Requirement
Filter the entries below down to the lines that hold "https".

(Caption-style text data)
'''
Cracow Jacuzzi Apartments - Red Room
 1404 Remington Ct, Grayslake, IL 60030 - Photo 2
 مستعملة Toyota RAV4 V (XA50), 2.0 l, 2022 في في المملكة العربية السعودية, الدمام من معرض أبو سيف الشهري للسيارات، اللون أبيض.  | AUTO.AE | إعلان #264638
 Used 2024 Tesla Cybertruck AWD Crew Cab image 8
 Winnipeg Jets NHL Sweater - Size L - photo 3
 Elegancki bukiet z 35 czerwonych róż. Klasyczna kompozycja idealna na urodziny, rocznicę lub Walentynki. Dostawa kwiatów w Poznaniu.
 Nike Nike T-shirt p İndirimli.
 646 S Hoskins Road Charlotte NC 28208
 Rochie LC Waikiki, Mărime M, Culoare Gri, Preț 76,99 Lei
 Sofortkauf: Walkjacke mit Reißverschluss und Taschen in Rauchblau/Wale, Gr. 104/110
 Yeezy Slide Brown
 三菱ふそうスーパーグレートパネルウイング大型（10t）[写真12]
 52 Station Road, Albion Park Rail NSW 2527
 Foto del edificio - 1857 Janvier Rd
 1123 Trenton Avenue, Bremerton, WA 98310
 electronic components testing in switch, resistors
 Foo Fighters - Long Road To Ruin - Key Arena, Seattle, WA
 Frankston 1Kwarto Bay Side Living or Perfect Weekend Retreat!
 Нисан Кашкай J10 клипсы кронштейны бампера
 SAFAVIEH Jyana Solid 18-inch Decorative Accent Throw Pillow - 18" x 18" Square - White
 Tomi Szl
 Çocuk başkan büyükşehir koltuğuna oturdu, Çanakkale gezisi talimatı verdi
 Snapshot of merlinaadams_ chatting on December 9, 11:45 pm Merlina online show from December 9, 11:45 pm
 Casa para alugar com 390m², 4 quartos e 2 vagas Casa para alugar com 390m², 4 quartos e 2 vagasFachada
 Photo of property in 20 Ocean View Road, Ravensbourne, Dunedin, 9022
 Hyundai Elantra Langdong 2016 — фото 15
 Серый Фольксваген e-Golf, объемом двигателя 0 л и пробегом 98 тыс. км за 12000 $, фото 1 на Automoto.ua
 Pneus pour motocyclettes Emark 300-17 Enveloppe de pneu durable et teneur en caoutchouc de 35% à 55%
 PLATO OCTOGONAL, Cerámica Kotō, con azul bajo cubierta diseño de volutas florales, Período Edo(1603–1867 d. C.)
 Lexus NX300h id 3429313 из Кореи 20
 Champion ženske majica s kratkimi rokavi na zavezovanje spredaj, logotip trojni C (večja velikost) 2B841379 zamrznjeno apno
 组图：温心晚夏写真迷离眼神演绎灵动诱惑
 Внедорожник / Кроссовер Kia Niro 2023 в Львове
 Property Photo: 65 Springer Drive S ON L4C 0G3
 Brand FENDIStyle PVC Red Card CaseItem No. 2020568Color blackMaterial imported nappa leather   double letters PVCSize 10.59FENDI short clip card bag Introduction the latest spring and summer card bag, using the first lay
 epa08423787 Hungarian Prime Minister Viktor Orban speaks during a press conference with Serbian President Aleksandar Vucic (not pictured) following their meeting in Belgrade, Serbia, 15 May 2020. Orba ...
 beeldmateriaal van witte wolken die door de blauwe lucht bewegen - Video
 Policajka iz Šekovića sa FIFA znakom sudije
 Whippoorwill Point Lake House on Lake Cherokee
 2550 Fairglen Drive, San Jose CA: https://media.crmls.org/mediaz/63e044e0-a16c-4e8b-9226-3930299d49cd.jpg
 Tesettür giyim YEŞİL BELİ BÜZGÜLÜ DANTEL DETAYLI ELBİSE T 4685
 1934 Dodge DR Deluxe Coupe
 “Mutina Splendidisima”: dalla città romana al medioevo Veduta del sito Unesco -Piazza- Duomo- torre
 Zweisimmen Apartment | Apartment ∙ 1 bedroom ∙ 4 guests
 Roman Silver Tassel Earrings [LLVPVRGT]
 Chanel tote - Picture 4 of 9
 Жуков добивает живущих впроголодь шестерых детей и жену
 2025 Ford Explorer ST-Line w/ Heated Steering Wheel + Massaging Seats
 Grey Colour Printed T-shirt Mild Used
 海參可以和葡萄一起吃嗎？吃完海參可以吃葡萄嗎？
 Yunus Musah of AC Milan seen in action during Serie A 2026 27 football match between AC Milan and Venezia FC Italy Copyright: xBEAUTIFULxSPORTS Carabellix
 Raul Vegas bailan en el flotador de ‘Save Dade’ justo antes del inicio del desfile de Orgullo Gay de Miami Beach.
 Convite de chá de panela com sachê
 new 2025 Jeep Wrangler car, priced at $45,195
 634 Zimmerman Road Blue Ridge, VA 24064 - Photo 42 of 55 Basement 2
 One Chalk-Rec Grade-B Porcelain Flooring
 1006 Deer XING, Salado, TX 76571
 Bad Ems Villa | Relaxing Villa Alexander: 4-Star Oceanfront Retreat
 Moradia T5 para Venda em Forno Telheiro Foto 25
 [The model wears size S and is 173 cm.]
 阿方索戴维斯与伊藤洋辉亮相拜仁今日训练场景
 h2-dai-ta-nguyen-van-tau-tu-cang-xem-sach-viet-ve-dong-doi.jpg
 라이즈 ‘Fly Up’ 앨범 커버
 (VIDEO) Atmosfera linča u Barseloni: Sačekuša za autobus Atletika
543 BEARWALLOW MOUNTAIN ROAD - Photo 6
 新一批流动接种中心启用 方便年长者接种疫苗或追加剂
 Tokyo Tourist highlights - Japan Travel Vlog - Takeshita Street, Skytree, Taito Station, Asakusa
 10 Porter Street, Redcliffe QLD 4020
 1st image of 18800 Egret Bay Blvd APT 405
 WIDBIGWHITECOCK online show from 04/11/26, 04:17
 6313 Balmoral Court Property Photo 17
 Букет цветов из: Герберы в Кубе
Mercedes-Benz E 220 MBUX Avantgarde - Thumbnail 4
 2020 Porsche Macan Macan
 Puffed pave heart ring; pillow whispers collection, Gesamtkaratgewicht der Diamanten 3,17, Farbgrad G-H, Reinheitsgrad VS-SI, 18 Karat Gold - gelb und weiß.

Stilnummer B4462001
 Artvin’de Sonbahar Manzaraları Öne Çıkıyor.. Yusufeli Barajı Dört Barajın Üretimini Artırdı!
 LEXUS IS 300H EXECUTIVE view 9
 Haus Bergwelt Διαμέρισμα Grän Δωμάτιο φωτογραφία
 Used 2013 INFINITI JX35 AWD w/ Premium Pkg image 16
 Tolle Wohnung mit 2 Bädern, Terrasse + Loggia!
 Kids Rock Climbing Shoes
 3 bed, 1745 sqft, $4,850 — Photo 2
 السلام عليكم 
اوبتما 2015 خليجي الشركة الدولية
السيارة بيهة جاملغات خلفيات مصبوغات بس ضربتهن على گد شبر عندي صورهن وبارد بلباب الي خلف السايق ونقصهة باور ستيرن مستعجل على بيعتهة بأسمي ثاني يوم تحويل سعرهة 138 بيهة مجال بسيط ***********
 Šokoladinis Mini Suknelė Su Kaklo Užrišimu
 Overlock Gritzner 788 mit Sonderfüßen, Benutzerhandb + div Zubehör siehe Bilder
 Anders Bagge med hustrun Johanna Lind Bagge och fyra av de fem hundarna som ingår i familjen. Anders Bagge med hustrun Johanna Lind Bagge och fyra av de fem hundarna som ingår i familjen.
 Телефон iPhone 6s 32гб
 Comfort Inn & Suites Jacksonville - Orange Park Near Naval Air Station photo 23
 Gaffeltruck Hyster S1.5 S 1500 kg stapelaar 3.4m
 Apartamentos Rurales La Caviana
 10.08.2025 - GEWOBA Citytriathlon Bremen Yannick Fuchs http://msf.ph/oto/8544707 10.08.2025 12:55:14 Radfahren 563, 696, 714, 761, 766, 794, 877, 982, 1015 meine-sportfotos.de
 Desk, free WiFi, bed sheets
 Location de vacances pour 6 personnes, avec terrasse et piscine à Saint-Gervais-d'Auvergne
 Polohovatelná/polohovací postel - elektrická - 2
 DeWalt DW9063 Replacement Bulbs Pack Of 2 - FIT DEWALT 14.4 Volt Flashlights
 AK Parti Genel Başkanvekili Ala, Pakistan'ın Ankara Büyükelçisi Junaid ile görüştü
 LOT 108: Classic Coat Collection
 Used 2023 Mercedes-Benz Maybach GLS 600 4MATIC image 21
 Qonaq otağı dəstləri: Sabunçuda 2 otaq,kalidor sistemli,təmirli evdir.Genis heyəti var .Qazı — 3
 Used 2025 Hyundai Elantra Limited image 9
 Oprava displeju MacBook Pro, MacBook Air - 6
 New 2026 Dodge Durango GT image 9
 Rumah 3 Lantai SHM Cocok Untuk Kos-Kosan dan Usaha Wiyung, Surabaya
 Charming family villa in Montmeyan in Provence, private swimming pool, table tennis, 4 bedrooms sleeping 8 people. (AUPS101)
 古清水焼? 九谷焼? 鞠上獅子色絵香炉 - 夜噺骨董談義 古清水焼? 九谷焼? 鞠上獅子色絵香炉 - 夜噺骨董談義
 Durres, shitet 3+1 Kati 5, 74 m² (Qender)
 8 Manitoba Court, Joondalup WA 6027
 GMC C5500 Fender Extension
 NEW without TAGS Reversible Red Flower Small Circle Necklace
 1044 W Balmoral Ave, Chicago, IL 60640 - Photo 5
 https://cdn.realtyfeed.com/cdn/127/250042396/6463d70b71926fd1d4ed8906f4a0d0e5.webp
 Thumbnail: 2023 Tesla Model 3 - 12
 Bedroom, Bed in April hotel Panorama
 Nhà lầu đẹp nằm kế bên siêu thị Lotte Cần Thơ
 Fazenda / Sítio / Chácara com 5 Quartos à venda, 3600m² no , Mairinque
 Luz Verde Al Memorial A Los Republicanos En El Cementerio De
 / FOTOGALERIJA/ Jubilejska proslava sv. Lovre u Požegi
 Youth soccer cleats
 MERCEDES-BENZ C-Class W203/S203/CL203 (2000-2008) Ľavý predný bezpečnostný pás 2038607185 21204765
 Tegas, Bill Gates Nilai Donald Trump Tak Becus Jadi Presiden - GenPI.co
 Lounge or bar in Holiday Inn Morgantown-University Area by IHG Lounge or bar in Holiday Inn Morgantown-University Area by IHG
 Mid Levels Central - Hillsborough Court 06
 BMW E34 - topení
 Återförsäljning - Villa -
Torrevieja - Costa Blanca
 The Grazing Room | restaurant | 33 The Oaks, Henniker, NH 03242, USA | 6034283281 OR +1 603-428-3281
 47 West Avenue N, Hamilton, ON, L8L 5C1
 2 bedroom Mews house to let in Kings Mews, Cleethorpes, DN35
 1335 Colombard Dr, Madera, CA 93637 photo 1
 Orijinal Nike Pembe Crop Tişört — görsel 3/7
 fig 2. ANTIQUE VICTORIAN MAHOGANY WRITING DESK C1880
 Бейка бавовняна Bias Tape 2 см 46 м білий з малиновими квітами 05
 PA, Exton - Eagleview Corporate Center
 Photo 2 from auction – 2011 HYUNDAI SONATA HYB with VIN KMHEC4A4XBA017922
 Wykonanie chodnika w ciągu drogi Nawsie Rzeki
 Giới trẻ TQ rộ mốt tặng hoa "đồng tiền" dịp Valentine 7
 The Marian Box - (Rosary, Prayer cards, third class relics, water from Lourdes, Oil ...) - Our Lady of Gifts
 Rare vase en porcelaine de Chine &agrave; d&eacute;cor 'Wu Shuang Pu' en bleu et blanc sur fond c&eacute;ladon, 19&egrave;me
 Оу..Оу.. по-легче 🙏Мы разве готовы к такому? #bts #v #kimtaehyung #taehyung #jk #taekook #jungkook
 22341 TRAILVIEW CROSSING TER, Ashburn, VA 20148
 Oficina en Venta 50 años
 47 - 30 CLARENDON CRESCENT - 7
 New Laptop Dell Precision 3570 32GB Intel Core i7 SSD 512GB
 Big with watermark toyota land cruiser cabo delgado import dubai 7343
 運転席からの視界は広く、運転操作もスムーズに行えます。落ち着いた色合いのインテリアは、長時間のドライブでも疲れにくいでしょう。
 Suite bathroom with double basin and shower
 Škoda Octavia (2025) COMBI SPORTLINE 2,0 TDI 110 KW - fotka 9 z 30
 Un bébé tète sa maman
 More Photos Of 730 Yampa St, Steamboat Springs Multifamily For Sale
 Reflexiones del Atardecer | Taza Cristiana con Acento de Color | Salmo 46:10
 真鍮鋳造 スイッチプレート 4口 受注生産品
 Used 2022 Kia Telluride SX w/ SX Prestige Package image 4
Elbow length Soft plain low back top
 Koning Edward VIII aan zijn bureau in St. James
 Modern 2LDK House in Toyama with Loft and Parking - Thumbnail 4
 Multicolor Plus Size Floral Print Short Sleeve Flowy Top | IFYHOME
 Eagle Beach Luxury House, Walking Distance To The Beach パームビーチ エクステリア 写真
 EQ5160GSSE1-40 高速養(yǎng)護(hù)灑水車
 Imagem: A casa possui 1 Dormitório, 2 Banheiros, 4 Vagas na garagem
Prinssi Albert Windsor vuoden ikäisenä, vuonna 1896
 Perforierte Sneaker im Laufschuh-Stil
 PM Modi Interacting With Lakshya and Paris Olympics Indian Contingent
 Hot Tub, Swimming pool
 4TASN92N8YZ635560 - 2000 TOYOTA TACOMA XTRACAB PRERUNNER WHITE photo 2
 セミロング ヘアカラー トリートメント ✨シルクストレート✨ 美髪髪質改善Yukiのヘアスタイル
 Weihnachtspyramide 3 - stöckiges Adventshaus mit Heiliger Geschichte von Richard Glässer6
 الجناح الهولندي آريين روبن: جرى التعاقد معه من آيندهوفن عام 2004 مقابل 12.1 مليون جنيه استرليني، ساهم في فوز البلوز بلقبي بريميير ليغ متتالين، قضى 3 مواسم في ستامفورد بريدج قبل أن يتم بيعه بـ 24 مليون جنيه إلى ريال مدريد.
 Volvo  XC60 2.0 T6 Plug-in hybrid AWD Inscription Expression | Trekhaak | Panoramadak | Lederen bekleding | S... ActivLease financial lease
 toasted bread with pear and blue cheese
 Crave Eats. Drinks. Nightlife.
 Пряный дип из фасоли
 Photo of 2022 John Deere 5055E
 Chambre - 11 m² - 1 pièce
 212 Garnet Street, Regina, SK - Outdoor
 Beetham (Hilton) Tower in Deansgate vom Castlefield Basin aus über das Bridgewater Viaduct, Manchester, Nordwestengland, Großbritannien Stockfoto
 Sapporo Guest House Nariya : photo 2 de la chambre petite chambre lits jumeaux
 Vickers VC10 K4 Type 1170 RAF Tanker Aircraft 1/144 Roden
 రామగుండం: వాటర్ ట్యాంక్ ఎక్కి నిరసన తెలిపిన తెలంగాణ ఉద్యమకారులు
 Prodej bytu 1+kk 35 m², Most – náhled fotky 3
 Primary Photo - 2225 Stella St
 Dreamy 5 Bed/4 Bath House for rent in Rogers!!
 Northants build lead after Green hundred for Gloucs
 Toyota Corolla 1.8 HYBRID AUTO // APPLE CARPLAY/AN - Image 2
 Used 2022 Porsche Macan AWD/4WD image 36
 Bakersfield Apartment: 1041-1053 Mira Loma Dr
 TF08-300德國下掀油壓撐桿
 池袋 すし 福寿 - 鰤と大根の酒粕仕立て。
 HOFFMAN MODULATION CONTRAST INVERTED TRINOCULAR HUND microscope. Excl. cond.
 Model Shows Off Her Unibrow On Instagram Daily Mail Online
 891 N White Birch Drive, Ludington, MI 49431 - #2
'''
Response
 2550 Fairglen Drive, San Jose CA: https://media.crmls.org/mediaz/63e044e0-a16c-4e8b-9226-3930299d49cd.jpg
 https://cdn.realtyfeed.com/cdn/127/250042396/6463d70b71926fd1d4ed8906f4a0d0e5.webp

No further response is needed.